‘115th Dream’: The first sign of Bob Dylan’s fascination with ‘Moby-Dick’
“Moby-Dick is a fascinating book”, Bob Dylan said in his Nobel Prize acceptance lecture, which he delivered, days before his deadline, in early 2017.
He expanded, “A book that’s filled with scenes of high drama and dramatic dialogue. The book makes demands on you. The plot is straightforward. The mysterious Captain Ahab–captain of a ship called the Pequod–an egomaniac with a peg leg pursuing his nemesis, the great white whale Moby Dick who took his leg. And he pursues him all the way from the Atlantic around the tip of Africa and into the Indian Ocean. He pursues the whale around both sides of the earth.”

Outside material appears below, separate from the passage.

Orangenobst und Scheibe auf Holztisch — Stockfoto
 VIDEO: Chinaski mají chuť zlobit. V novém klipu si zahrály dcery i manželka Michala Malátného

Dylan said all that (and more) about Melville’s masterpiece (or at least, one of Melville’s masterpieces) relatively recently, but he’d been fascinated with the tale of Ahab and the Whale for decades by that point. Dylan mentioned in his lecture that he first encountered Moby-Dick; or, The Whale in grammar school, and clearly, it left an impression on him.
In the 1967 Basement Tapes recording ‘Lo! and Behold’, Dylan sings the offhand line “What’s it to you, Moby Dick?” at one point, and then, much later, at a Rough and Rowdy Ways show I attended at the Beacon Theatre in New York in 2021, Dylan announced to the crowd that “Herman Melville was born here!” But, until his 2017 Nobel lecture, his biggest allusion (or, illusion?) to the great novel came in his 1965 song, ‘Bob Dylan’s 115th Dream’.

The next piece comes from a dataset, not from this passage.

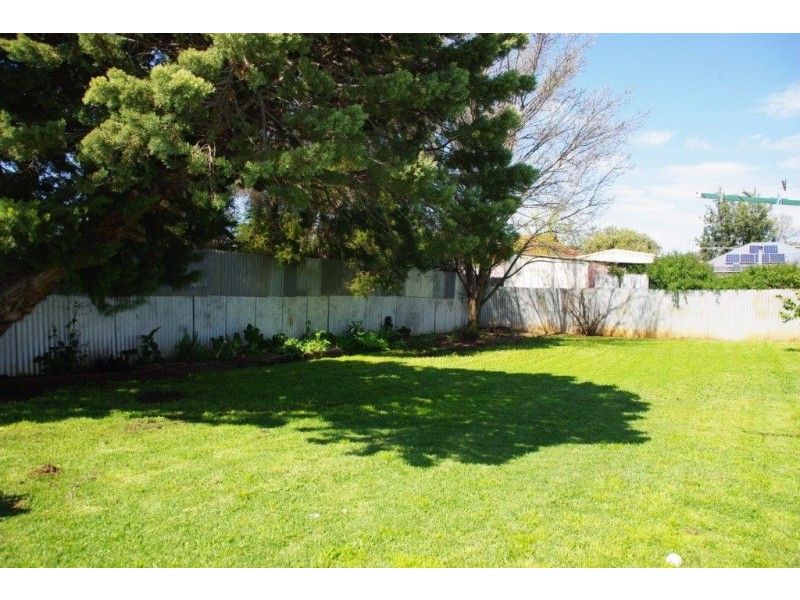 9 JEAN STREET, Wellington NSW 2820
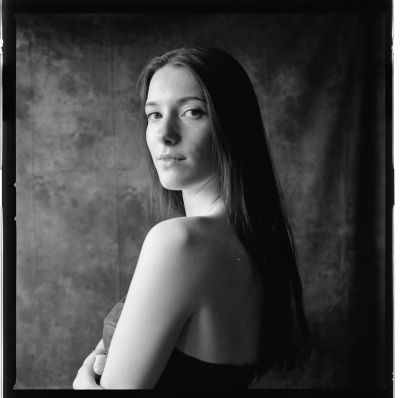 Anna / Portrait  photography by Photographer Andrea Calamai | STRKNG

Though it opens with Dylan declaring that he was riding “on the Mayflower”, the ship which sailed from Southampton into the New World, bringing with it the famous pilgrim settler families who made the move to colonise America, the song weaves a healthy dose of Moby-Dick into its seafaring story as well and conflates one mythical tale of the ocean with the other.
“I yelled to Captain Arab, I’ll have ya understand,” Dylan sings early on in the song (though, surely he knows full well that the character in Melville’s book is actually called Captain Ahab), “Who came running to the deck and said, ‘Boys, forget the whale, we’re goin’ over yonder, cut the engines, change the sails’”.
From there, the song, understandably, takes on the fantastical feeling of a fever-dream. Images flash by before you have time to process exactly what Dylan is singing or saying. He rapidly reels off the story of the birth of America, a jailbreak, exploding restaurants, bank jobs, and stick-ups; this song doesn’t seem to be about Dylan’s 115th dream as much as it is about 115 separate dreamlike images flashing by, all at once.
Though Captain Arab follows along on Dylan’s fanciful spree throughout, by the end of the song, they’ve lost contact. “Well, the last I heard of Arab he was stuck on a whale”, Dylan drawls before announcing an encounter with another famous captain, singing that “He said his name was Columbus, and I just said good luck”.
Back in his Nobel lecture, Dylan concludes his examination of Moby Dick by summarising the plot. “Moby attacks one more time, ramming the Pequod and sinking it. Ahab gets tangled up in the harpoon lines and is thrown out of his boat into a watery grave. Ishmael survives. He’s in the sea, floating on a coffin. And that’s about it. That’s the whole story,” he said, before suggesting that it wasn’t only in ‘Bob Dylan’s 115th Dream’ that you can find the spirit of Moby Dick amongst his vast, ocean-like back catalogue: “That theme and all that it implies would work its way into more than a few of my songs”.